Re: [PATCH 1/1]: scsi dm-mpath do not fail paths which are in ALUA state transitioning

From: Brian Bunker <brian@purestorage.com>
To: Martin Wilck <mwilck@suse.com>
Cc: linux-scsi@vger.kernel.org, Hannes Reinecke <hare@suse.com>
Subject: Re: [PATCH 1/1]: scsi dm-mpath do not fail paths which are in ALUA state transitioning
Date: Tue, 13 Jul 2021 17:37:53 -0700	[thread overview]
Message-ID: <CAHZQxy+crC90wWuHMKA=9CE-gHSiDTEC_jQDnH0Otx=R7PM-SQ@mail.gmail.com> (raw)
In-Reply-To: <CAHZQxyLEsQWjTV_P8YPhConyQiOOtzc+oNmuT=Oi1=WMyysmCg@mail.gmail.com>

On Tue, Jul 13, 2021 at 2:13 AM Martin Wilck <mwilck@suse.com> wrote:
>
> Hello Brian,
>
> On Mo, 2021-07-12 at 14:38 -0700, Brian Bunker wrote:
> > Martin,
> >
> > > Please confirm that your kernel included ee8868c5c78f ("scsi:
> > > scsi_dh_alua: Retry RTPG on a different path after failure").
> > > That commit should cause the RTPG to be retried on other map
> > > members
> > > which are not in failed state, thus avoiding this phenomenon.
> >
> > In my case, there are no other map members that are not in the failed
> > state.
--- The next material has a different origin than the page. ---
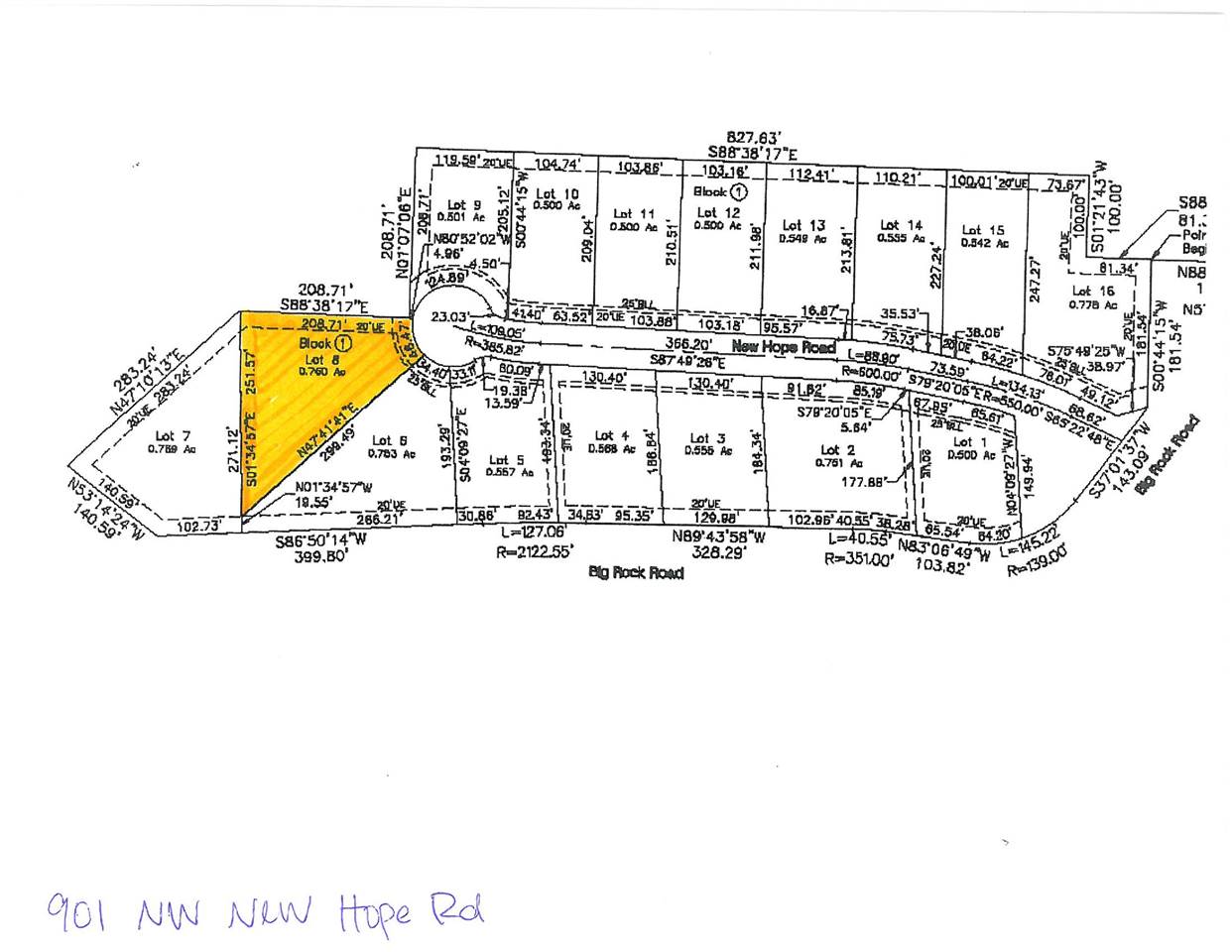 901 NW New Hope Rd, Medicine Park, OK 73557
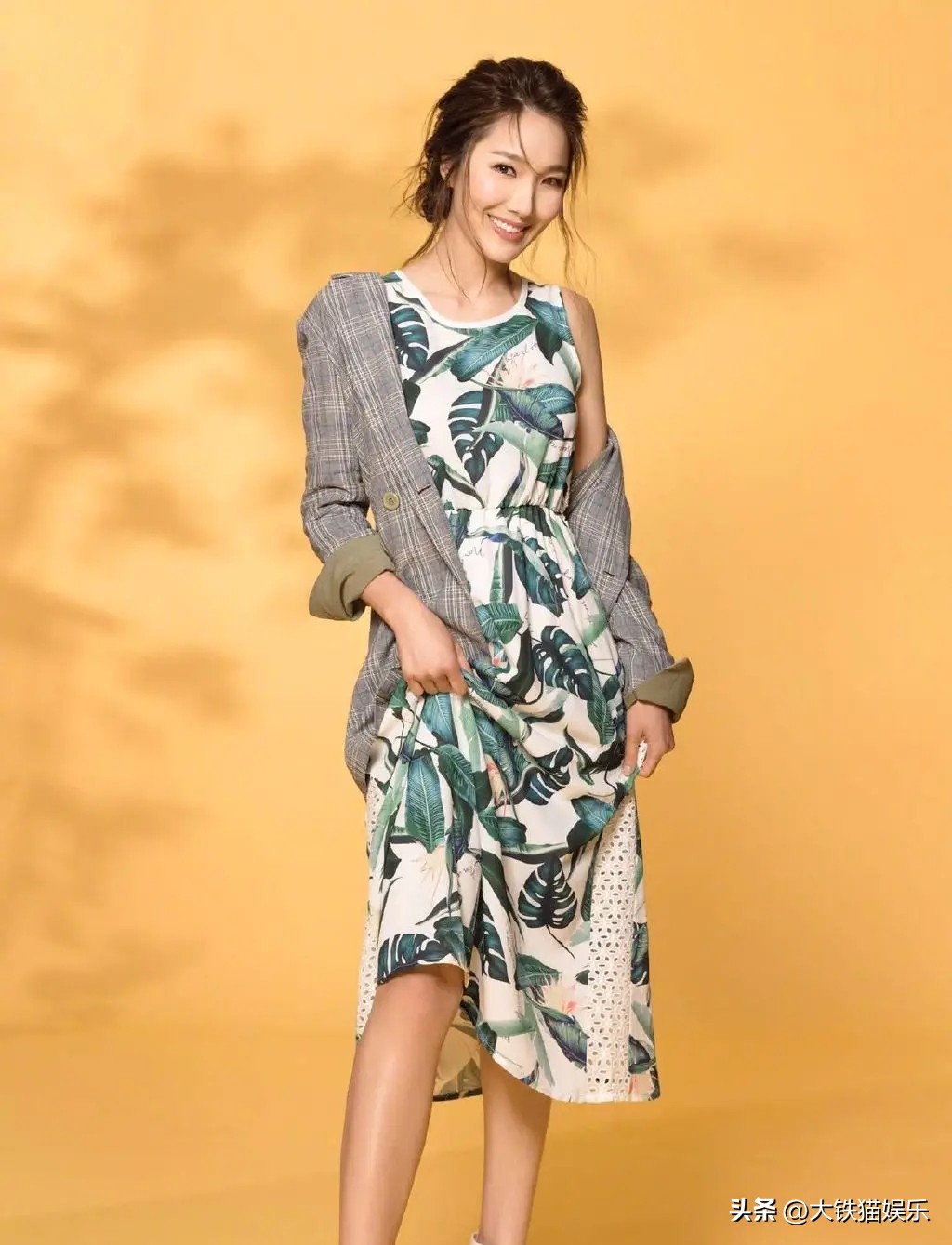 身高超过175的女明星,身高矮却迷人的十位女明星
One set of paths goes to the ALUA unavailable state when the
> > primary fails, and the second set of paths moves to ALUA state
> > transitioning as the previous secondary becomes the primary.
>
> IMO this is the problem. How does your array respond to SCSI commands
> while ports are transitioning?
>
> SPC5 (§5.16.2.6) says that the server should either fail all commands
> with BUSY or CHECK CONDITION/NOT READY/LOGICAL UNIT NOT
> ACCESSIBLE/ASYMMETRIC ACCESS STATE TRANSITION (a), or should support
> all TMFs and a subset of SCSI commands, while responding with
> CC/NR/AAST to all other commands (b). SPC6 (§5.18.2.6) is no different.
>
> No matter how you read that paragraph, it's pretty clear that
> "transitioning" is generally not a healthy state to attempt I/O.
>
> Are you saying that on your server, the transitioning ports are able to
> process regular I/O commands like READ and WRITE? If that's the case,
> why do you pretend to be "transitioning" at all, rather than in an
> active state? If it's not the case, why would it make sense for the
> host to retry I/O on the transitioning path?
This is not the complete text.